Annie Granatstein heads up The Washington Post’s in-house creative agency, WP BrandStudio (explore our portfolio site), shepherding inventive multimedia programs for hundreds of major brands, including Bank of America, JP Morgan Chase, Prudential, Paramount, FX, Canon, Allstate, AT&T, Dell, Samsung, Mercedes, Jaguar and Audi. 

 In just the past three years, she has dramatically increased revenue, staff and number of advertisers, garnering a slew industry accolades from leading organizations, including Webby, Digiday, OMMA, Pearl, FCS, min, MarCom and dotCOMM. She has also led talks at numerous industry events, ranging from SXSW to the IAB Leadership Summit.

What piece of video/television has recently inspired you?

I’m loving GLOW (about the Gorgeous Ladies of Wrestling) on Netflix. It flips gender expectations on their head with characters and storylines that you don’t see anywhere else. (SPOILER ALERT) For example, the woman who is reluctant to start a family so her husband breaks up with her or the hot guy that turns out to be a male prostitute.  It’s so important to surprise your audience and you may even influence culture along the way.

What is most exciting for you at the moment within your industry?

Digital storytelling is becoming increasingly immersive as technology develops. The key to creating more immersive experiences is collaboration between different types of talent. As a content leader you must find ways to continuously encourage and improve that collaboration. One way we’ve done this is by creating multi-disciplinary initiatives such as our Emerging Media Taskforce. 

This group of about eight creatives from across the Studio’s disciplines gets together once a month to discuss which innovations in storytelling are most promising, plan for researching and prototyping them, and report back to each other. Innovations such as in-browser AR and development of proprietary emotion recognition technology arose out of this Taskforce. We can then use these innovations to create out-of-the-box content for advertisers. For example, we used emotion recognition technology in a 360 campaign for Mike’s Hard Lemonade where our audience was able to test how good video news affects their emotions in digital content (see The Good News Effect) and at an exciting experiential event.

What is one thing the Telly Awards community should know about you?

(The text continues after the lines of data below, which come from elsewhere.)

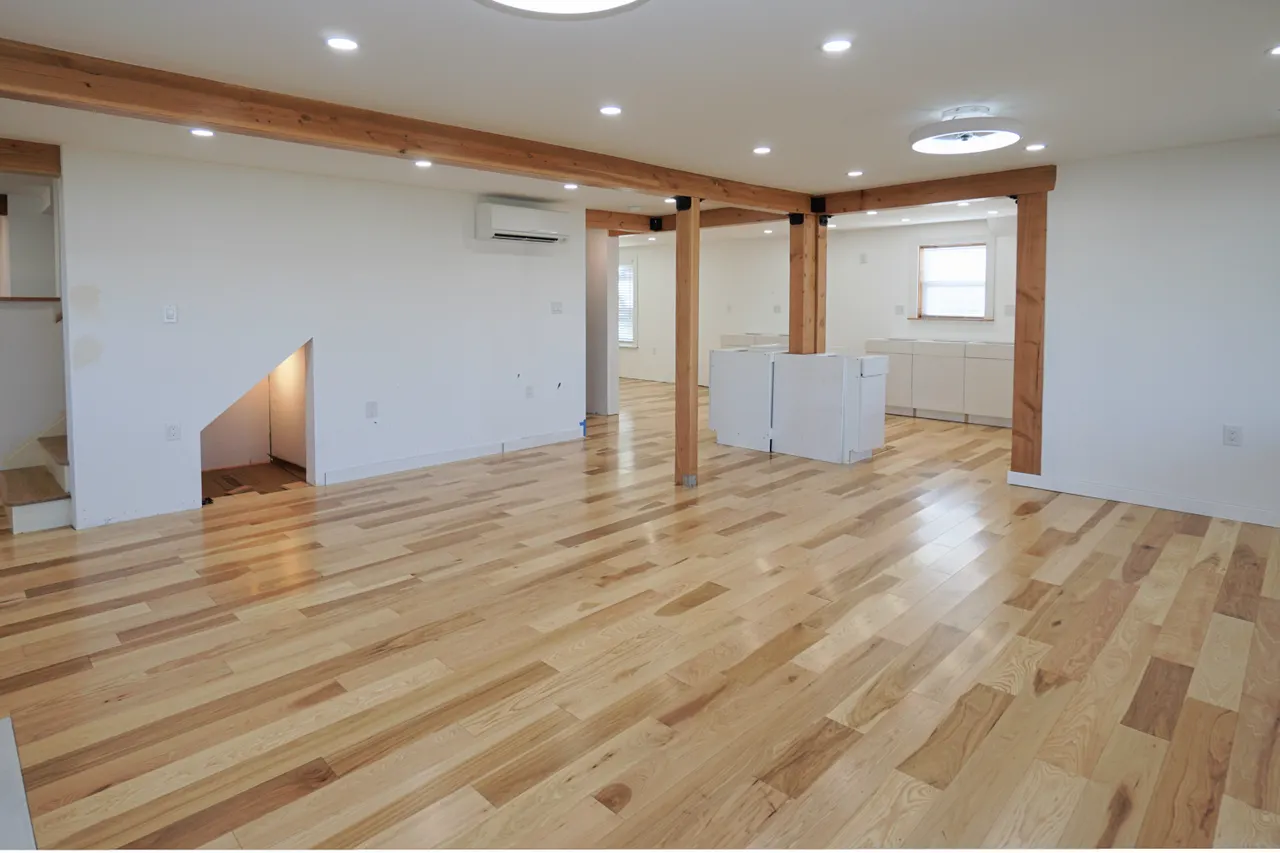 View from the waterside of the living room showing the back entry hallway and the stairway on the left. Ongoing kitchen installation and island cabinetry just to the right of center.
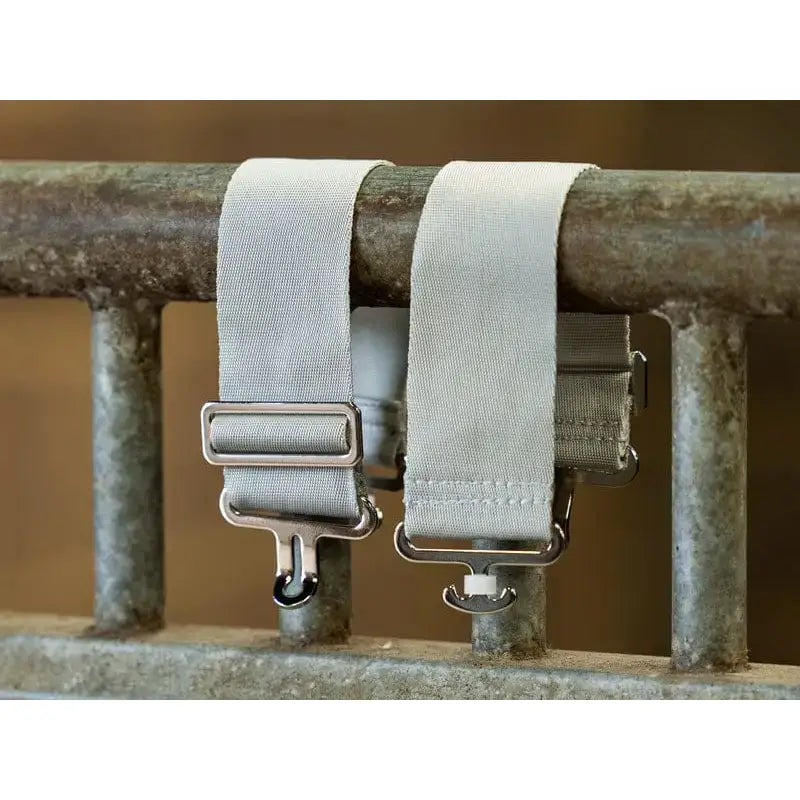 Two light gray elastic surcingle extenders with silver buckles and hooks for adjustable equestrian use on horses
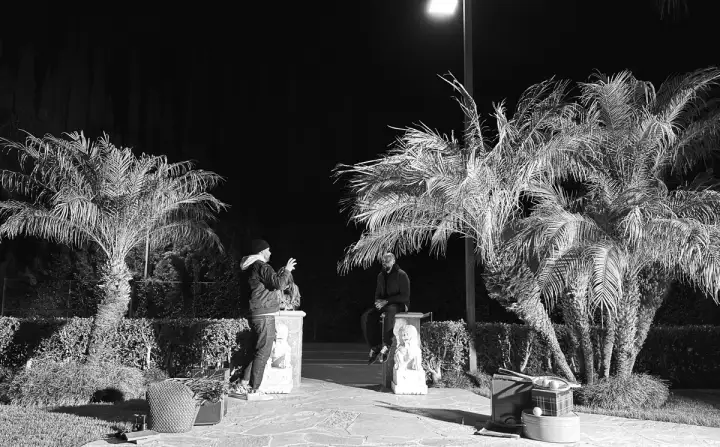 Two creatives talk under the palm trees on set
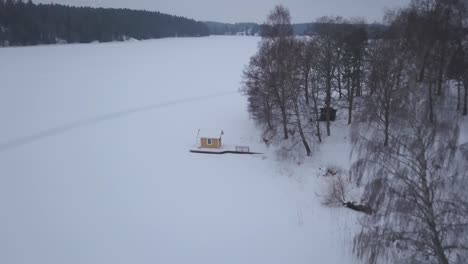 Luftaufnahmen,-Die-Eine-Weite,-Weite-Winterlandschaft-Zeigen,-Während-Gleichzeitig-Sanft-Auf-Eine-Kleine-Hütte-Am-Waldrand-Gezoomt-Wird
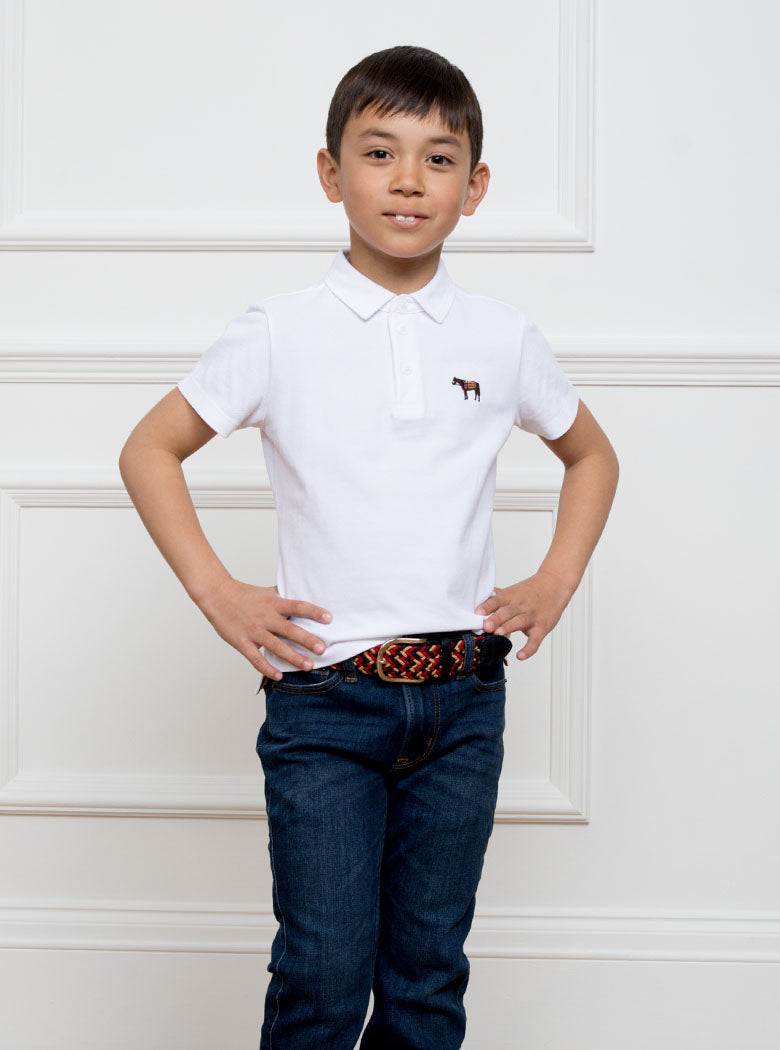 Child wearing a hand woven belt, braided and handmade in Italy with the Newmarket signature colours (gold, tan, navy) and a stretch design.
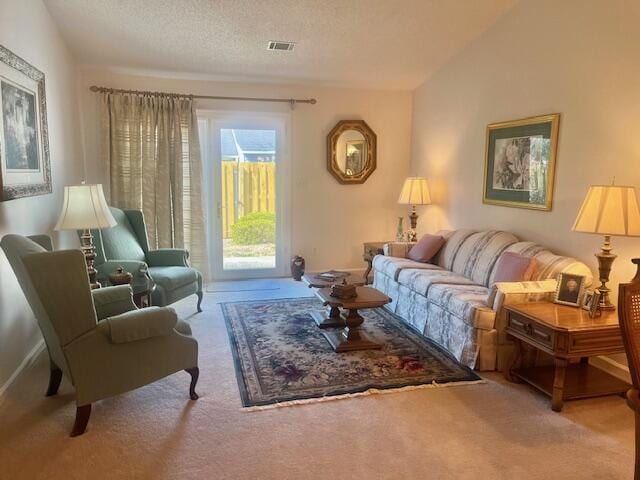 living area with carpet, visible vents, vaulted ceiling, and a textured ceiling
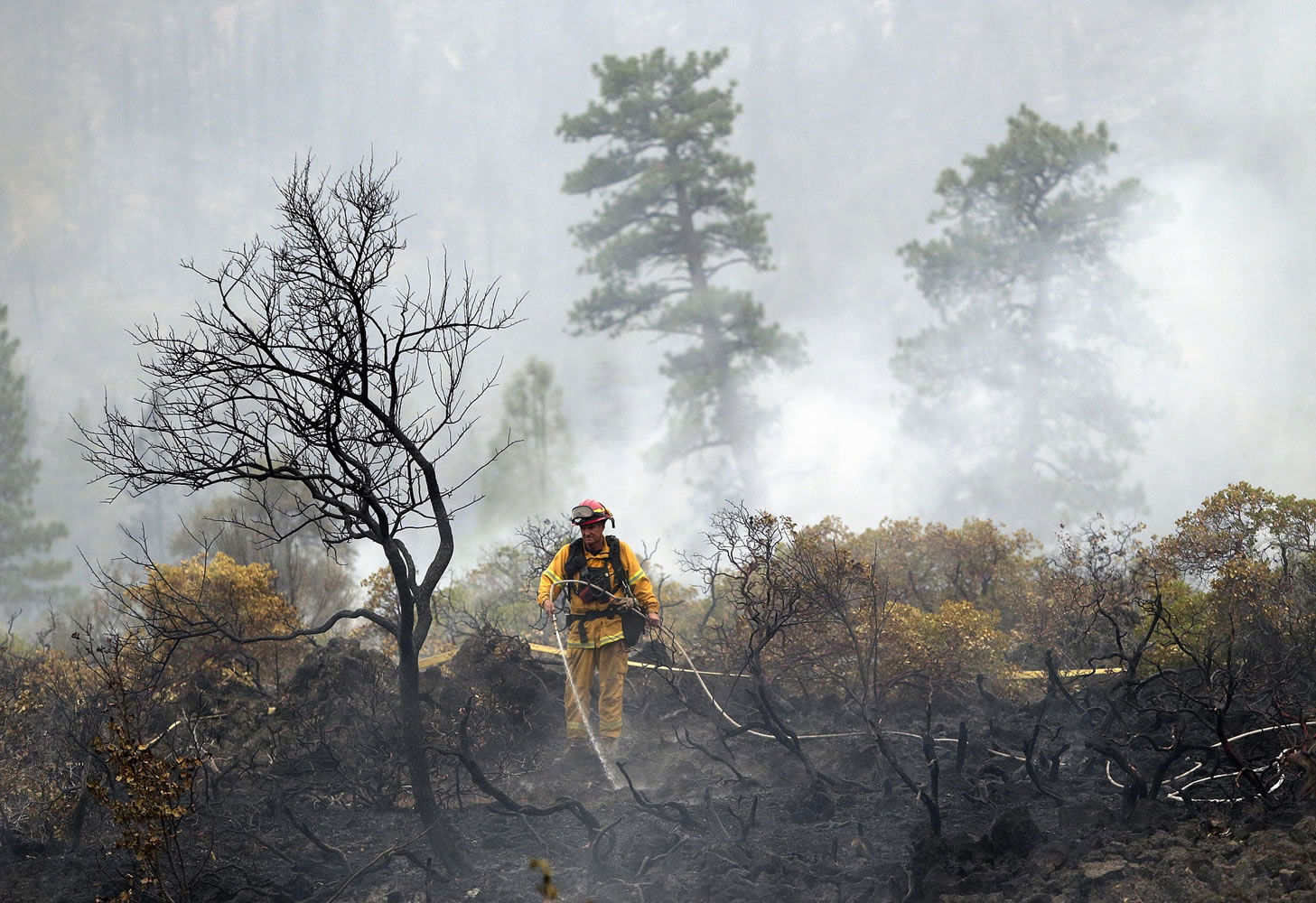 A firefighter with the Anderson, Calif., Fire Protection District dousing hot spots left behind by the Eiler Fire near Burney, Calif.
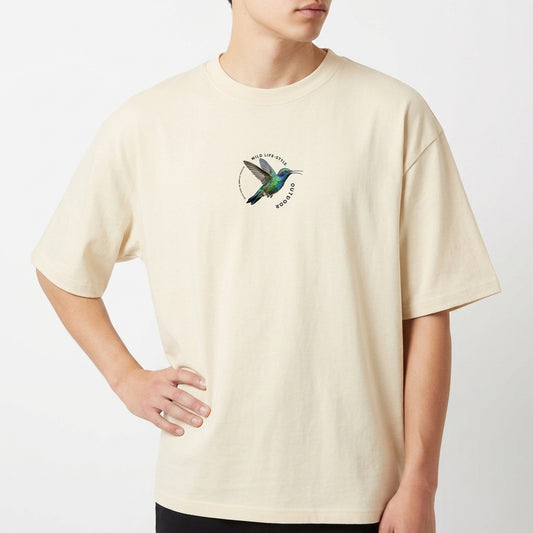 Camiseta com estampa frontal de beija-flor em voo circular e estampa traseira de beija-flor em destaque cercado por texto artístico estilizado.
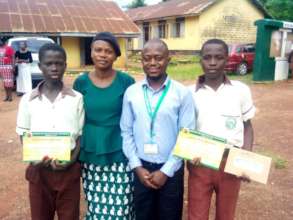 ISERH PD flanked by the Ambassadors & a teacher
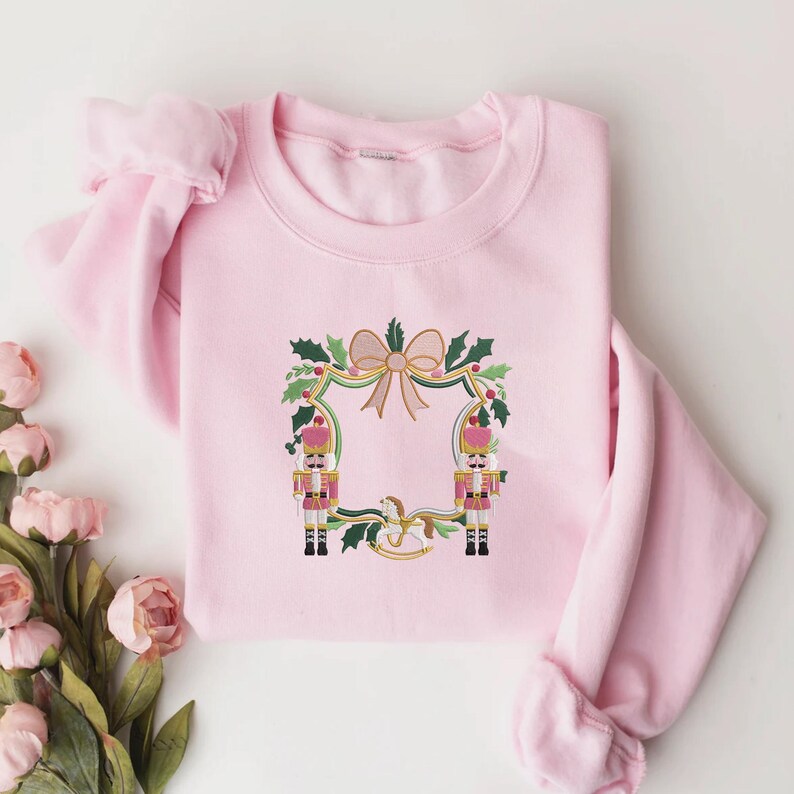 Puede incluir: Una sudadera rosa claro con un dise&ntilde;o festivo. El dise&ntilde;o incluye dos soldados de juguete, un lazo, acebo y un caballito balanc&iacute;n, enmarcado por un borde dorado. La sudadera es de un material suave y c&oacute;modo.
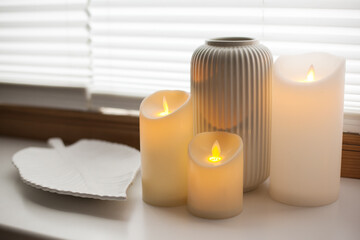 Led battery candles, tray and vase over white background with soft window light.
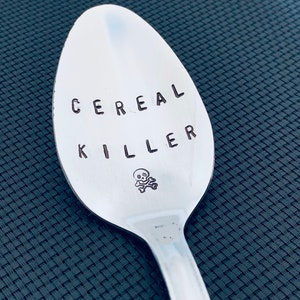 May include: A silver spoon with the words "CEREAL KILLER" engraved on it, along with a small skull and crossbones symbol.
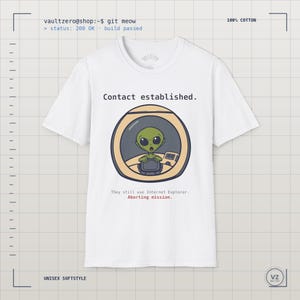 May include: A white short-sleeve t-shirt featuring a graphic of a green alien inside a circular spacecraft window. Text above reads Contact established. Text below reads They still use Internet Explorer. Aborting mission. The shirt is 100% cotton.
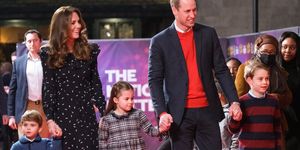 will, kate, george, charlotte, and louis walk a red carpet in holiday outfits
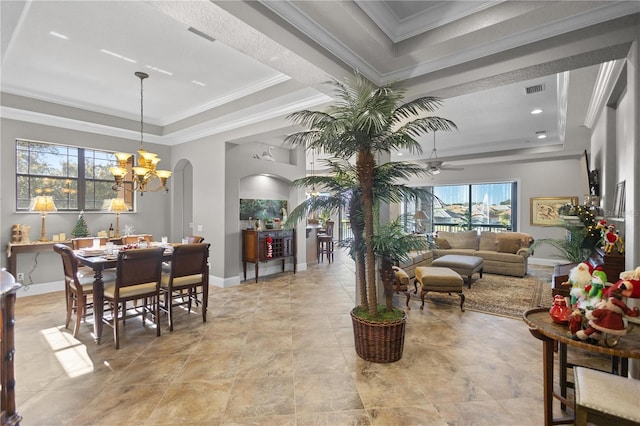 interior space with a notable chandelier, ornamental molding, and a raised ceiling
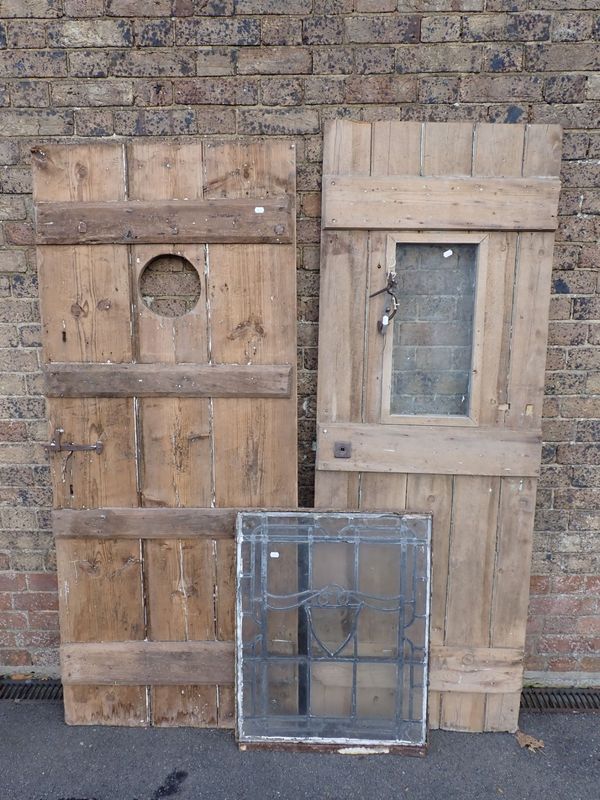 A LEDGED DOOR, OF THREE WIDE BOARDS WITH ROUND  APERTURE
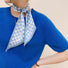 Model wearing a plaid silk scarf in blue, easy for weekend styling and gifting.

I come originally from the entertainment industry – the heart of Hollywood—working at CAA and Jerry Bruckheimer Films and as an independent creative producer. The audience and story-first mentality of that industry drives the content we create at WP BrandStudio. That methodology is crucial to ensure that our stories uphold the high journalistic standards of The Washington Post and will resonate with our readers.

 What is a piece of work you are most proud to have worked on?

For Optum, a health services innovation company, we created a multimedia investigative feature on the opioid crisis, Working to End the Epidemic, that blended educational elements such as infographics and interactive maps to inform our audience of the scope of the epidemic with emotional, human elements such as video interviews with recovering addicts and treatment providers. 

The program was incredibly successful, garnering high time spent, a flurry of social media activity (including organic tweets from important influencers such as Katie Couric), earned media (named to the top of Ad Age best branded content partnerships list), and awards. This blend of educational and emotional elements on a pressing topic resonates deeply with our intellectually curious and highly intelligent audience.